Data supplied:
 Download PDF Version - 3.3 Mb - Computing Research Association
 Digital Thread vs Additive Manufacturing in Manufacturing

* * *

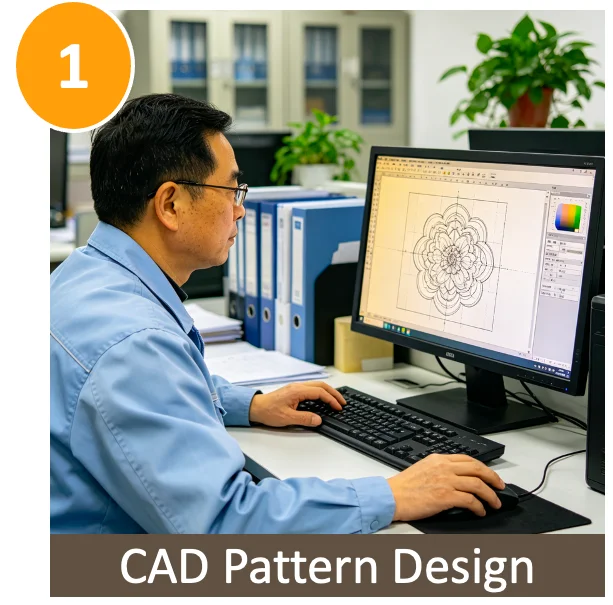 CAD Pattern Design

Task instructions:
Reproduce only the lines above, starting at the line with "Download PDF Version" and ending at the line with "Digital Thread vs", exactly as written.

Exercise solution:
 Download PDF Version - 3.3 Mb - Computing Research Association
 Digital Thread vs Additive Manufacturing in Manufacturing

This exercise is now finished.